Interessanterweise sind diese beiden Länder momentan auch mitten im Fokus von scharfen Auseinandersetzungen rund um Pipeline-Projekte mit russischer Beteiligung. Geht es in Italien um den „südlichen Gaskorridor“ mit den geplanten Projekten Trans-Adria-Pipeline, Turkish Stream und South Stream, geht es in Deutschland vor allem um Nord Stream 2, die Parallelleitung zur bereits vorhandenen und fast vollständig ausgelasteten Ostseepipeline Nord Stream. Es geht aber auch um viele Milliarden Euro Transitgebühren. Die Ukraine kassiert Jahr für Jahr rund drei Milliarden Euro Gebühren, die letztlich auf den Gaspreis geschlagen und von den Endkunden in den westeuropäischen Ländern bezahlt werden müssen. Polen kassiert Transitgebühren in ähnlicher Größenordnung. Wenn nun also transatlantisch orientierte deutsche Parlamentarier in der FAZ an die „europäische Solidarität“ appellieren, so ist dies verlogen. Warum sollte es denn zur „europäischen Solidarität“ gehören, wenn Deutsche über ihre Heizungskosten indirekt die Ukraine finanzieren sollen?

Ökonomisch ist amerikanisches Fracking-Gas in Europa nicht wettbewerbsfähig. Vor allem die wichtigen und großen deutschen und italienischen Märkte werden sich daher nur politisch erschließen lassen. Genau dies ist eines der Ziele der US-Sanktionen gegen Russland, die törichterweise auch von der EU übernommen wurden. Und der Krieg hinter den Kulissen nimmt Fahrt auf. Sowohl die USA als auch die EU-Kommission und transatlantisch orientierte deutsche Politiker haben nun zum Frontalangriff auf Nord Stream 2 geblasen und dabei sogar deutsche Umweltschützer eingespannt, die nun paradoxerweise Seit´ an Seit´ mit der Fracking-Lobby antreten. Es ist jedoch anzunehmen, dass auch dies nur das Vorspiel zum eigentlichen Konflikt ist, bei dem es darum gehen wird, die russischen Erdgasexporte in die EU ins Visier zu nehmen.
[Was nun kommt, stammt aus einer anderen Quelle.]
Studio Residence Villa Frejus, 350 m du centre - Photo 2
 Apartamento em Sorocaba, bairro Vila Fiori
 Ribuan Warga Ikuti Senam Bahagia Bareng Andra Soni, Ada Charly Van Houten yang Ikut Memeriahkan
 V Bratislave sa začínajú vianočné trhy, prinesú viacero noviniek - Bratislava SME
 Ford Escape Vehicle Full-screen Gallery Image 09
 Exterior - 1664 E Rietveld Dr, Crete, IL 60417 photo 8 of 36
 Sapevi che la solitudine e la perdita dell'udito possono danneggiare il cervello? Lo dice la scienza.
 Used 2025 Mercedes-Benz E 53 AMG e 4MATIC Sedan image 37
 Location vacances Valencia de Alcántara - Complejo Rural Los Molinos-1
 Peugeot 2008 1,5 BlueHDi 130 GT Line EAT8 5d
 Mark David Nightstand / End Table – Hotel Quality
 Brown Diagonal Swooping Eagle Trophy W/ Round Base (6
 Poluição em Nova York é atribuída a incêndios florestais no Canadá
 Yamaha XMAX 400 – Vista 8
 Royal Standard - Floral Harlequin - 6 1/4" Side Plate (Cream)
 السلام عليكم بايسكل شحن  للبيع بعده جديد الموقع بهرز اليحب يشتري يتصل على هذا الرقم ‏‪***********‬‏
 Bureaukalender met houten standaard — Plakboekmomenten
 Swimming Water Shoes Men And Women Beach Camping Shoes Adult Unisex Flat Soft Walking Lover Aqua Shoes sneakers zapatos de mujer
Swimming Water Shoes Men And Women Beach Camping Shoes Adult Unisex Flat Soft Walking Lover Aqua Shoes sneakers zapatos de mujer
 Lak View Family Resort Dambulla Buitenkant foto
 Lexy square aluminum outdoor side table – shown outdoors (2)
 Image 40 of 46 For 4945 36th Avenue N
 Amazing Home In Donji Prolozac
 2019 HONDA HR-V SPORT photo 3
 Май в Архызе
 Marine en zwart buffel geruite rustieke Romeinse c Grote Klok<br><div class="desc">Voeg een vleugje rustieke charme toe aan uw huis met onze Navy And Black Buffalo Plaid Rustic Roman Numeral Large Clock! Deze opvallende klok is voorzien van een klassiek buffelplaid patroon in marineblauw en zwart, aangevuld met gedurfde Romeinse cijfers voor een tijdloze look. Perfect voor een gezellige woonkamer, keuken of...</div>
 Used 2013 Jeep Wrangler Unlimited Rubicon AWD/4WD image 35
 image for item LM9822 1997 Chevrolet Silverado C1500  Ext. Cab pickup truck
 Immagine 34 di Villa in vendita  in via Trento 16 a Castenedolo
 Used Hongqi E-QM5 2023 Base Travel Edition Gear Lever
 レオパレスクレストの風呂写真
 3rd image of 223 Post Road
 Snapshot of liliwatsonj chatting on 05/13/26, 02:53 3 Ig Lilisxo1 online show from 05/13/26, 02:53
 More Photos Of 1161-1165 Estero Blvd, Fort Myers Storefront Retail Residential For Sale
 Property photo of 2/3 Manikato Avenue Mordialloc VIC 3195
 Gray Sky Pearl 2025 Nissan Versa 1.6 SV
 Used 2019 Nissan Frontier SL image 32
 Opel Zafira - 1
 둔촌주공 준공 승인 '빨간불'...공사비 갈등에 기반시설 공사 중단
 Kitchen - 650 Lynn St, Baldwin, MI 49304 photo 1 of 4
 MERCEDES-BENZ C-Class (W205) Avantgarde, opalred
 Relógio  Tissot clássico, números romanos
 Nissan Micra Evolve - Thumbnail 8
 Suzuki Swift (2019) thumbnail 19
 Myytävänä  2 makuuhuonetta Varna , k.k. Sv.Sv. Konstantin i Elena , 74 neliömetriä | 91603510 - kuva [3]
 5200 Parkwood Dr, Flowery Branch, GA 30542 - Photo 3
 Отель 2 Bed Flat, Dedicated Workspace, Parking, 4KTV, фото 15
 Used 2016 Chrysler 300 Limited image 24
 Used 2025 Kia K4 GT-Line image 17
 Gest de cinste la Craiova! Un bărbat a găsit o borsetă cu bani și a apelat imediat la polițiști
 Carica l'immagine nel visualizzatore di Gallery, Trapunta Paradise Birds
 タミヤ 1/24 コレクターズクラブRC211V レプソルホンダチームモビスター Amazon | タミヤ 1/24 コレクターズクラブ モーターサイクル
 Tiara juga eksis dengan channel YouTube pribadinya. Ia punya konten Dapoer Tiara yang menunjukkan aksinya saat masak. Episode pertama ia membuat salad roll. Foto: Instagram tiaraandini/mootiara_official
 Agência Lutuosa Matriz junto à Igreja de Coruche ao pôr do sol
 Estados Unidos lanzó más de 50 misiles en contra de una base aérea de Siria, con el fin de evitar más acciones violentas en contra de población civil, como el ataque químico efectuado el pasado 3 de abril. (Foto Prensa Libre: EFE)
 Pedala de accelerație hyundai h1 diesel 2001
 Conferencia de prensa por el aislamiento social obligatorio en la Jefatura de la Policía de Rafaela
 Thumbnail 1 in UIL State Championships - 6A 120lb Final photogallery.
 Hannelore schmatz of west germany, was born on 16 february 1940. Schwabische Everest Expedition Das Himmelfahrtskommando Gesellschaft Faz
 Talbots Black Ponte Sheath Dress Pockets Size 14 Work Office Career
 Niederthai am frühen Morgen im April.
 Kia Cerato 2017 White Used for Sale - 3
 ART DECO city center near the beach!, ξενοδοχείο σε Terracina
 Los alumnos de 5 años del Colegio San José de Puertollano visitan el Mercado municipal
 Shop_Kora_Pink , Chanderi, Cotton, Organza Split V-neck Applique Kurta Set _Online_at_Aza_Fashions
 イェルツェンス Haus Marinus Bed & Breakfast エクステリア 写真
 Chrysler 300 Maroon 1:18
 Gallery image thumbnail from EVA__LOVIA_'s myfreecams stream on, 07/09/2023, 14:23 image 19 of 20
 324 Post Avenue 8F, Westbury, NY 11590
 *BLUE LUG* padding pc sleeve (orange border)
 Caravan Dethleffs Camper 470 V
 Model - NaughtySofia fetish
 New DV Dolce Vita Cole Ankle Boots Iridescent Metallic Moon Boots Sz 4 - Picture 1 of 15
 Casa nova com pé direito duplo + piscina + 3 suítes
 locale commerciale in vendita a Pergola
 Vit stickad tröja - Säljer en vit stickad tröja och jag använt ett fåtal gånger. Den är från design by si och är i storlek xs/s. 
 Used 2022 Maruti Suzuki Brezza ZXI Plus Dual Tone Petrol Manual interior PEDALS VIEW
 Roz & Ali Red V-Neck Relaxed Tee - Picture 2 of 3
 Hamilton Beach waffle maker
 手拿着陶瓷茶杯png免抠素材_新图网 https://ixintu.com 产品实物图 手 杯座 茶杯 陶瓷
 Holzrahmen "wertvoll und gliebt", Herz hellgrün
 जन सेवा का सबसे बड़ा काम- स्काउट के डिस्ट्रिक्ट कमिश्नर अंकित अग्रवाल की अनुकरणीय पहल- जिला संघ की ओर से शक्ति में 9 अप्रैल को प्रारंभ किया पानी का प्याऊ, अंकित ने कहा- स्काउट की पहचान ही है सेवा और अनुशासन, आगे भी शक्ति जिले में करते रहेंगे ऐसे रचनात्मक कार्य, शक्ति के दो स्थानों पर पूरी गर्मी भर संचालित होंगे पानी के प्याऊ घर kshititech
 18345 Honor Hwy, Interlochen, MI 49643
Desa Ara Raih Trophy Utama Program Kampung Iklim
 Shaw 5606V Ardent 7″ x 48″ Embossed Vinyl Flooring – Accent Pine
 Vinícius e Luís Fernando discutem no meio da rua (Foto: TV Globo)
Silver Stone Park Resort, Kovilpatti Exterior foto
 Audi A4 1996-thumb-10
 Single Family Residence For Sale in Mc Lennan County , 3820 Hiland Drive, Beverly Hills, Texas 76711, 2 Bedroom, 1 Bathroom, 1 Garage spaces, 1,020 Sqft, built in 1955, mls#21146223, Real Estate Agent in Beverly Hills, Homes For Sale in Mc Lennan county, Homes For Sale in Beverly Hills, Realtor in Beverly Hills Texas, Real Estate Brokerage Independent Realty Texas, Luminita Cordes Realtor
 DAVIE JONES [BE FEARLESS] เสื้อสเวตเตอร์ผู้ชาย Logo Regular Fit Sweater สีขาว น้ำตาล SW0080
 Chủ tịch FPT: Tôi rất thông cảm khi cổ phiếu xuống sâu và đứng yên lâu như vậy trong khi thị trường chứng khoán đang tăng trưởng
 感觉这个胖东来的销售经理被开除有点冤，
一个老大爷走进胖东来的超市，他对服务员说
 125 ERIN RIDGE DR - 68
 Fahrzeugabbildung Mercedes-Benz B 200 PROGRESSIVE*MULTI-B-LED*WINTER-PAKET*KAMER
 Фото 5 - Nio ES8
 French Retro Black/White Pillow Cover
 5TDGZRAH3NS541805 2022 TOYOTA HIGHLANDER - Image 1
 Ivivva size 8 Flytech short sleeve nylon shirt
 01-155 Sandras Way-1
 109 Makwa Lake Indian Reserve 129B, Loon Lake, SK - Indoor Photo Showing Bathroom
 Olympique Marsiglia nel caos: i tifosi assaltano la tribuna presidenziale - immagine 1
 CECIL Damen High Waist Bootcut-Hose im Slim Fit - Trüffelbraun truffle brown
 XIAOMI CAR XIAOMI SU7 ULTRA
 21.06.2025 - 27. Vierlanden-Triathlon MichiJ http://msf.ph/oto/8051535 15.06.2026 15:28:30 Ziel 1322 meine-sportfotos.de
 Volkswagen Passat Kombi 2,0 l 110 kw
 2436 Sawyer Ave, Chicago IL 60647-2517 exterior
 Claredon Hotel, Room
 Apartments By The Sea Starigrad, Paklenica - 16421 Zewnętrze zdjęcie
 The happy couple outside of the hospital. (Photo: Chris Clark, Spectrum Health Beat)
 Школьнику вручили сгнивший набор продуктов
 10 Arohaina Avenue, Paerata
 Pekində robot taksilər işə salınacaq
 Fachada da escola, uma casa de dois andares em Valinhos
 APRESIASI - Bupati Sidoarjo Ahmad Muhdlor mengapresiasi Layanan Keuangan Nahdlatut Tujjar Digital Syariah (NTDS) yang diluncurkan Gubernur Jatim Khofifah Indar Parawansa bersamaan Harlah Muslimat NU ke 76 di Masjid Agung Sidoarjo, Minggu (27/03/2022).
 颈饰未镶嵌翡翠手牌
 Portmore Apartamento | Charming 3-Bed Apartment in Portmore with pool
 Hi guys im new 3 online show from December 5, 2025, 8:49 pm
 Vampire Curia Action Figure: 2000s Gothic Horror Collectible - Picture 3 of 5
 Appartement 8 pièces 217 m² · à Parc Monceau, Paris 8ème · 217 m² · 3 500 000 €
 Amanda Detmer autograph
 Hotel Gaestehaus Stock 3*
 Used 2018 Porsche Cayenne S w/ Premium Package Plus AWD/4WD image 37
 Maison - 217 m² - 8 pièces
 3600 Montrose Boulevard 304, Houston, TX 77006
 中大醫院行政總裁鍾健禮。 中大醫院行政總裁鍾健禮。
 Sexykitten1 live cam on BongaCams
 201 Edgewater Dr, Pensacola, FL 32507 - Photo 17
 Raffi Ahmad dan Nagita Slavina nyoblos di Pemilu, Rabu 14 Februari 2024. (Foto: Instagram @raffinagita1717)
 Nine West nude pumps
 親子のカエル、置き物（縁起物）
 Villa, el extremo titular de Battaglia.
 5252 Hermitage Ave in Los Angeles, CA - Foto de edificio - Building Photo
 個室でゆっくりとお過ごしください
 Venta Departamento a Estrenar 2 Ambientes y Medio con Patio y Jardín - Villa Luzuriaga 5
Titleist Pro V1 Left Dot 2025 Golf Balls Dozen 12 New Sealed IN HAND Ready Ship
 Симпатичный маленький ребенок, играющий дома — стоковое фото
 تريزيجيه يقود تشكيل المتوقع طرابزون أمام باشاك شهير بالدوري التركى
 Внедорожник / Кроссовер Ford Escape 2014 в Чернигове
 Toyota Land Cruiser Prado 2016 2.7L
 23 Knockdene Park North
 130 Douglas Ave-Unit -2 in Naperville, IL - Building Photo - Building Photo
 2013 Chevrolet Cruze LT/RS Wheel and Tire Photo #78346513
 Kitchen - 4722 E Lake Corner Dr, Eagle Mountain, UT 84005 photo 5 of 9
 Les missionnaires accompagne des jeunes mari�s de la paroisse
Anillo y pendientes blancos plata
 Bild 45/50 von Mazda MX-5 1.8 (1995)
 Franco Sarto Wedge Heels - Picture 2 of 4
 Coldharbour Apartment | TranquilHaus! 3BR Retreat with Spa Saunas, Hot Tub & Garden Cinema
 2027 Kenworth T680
Dies könnte jedoch politisch, ökologisch und auch ökonomisch ein gefährlicher Bumerang werden. Energieexperten gehen davon aus, dass es durch Marktbereinigungen und den geplanten Abbau von Überkapazitäten auch in den USA mittelfristig zu Preissteigerungen beim Erdgas kommen wird. In fünf Jahren könnte der US-Gaspreis demnach die Fünf-Dollar-Grenze überschreiten, was für die europäischen Kunden der US-Konzerne aufgrund des immens teuren Transports nahezu eine Verdoppelung der Gaspreise bedeuten würde. So oder so – den Preis für den kommenden Gaskrieg werden die Endkunden im „Kriegsgebiet“ zahlen … und das sind wir. Eine von US-Interessen unabhängige, eigenständige Energiepolitik ist wichtiger denn je.